ClearAll["Global`*"]
x[0] = 0;
y[0] = 1.;
ε = 0.01;(*Maximum allowable error*)
L = 0.1;(*Initial step size*)
f[x_, y_] := x^2
SingleRK[u_, v_, L_ : 0.1] := 
 Module[{x = u, y = v, h = L, K1, K2, K3, K4, ynext, xnext}, 
  K1 = f[x, y];
  K2 = f[x + h/2, y + h*K1/2];
  K3 = f[x + h/2, y + h*K2/2];
  K4 = f[x + h, y + h*K3];
  ynext = y + h/6 (K1 + 2 K2 + 2 K3 + K4);
  xnext = x + h;
  Return[{xnext, ynext}]]
LocalRK[{u_, v_}] := 
 Module[{xnext, xinitial, ynext, yinitial, x, y, h = L}, x = u; y = v;
  {xnext, ynext} = SingleRK[x, y, h];
  If[Abs[ynext - y] < ε, 
   While[Abs[ynext - y] < ε, h = 2 h;
    ynext = SingleRK[x, y, h] // Last;], 
   While[Abs[ynext - y] > ε, h = h/2;
    ynext = SingleRK[x, y, h] // Last;]];
  {x + h, ynext}]
data = NestList[LocalRK, {x[0], y[0]}, 35];
Abs /@ Subtract @@@ 
  Partition[data[[;; , 1]], 2, 1](*Step-size information*)
Show[Plot[1/3 (x^3 + 3), {x, 0, 1}, PlotStyle -> {Opacity[0.5], Red}],
  ListPlot[data, AxesOrigin -> {0, 0}, 
  PlotStyle -> {Black, PointSize[0.01]}]]
data

But I found that the error of the first step was obviously more than 0.01, but it did not automatically adjust to the appropriate step size.
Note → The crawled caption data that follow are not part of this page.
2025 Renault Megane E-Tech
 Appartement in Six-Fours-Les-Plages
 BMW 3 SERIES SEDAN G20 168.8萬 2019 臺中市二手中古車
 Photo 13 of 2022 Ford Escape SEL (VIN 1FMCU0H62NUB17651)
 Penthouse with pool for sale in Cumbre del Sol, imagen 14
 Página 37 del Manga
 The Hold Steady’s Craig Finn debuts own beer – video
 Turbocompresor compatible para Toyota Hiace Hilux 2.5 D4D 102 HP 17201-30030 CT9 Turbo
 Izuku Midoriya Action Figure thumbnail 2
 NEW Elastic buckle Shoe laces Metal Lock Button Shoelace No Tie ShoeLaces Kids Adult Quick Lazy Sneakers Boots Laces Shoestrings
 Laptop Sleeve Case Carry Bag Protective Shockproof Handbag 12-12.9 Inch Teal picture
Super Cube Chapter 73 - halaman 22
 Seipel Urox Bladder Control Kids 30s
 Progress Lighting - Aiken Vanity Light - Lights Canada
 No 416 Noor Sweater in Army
How to improve this problem(I need the step size of each step to ensure that the error is exactly less than 0.01 in the maximum step size)?

Then I need more concise examples of variable-step algorithm for solving definite integral or differential equations.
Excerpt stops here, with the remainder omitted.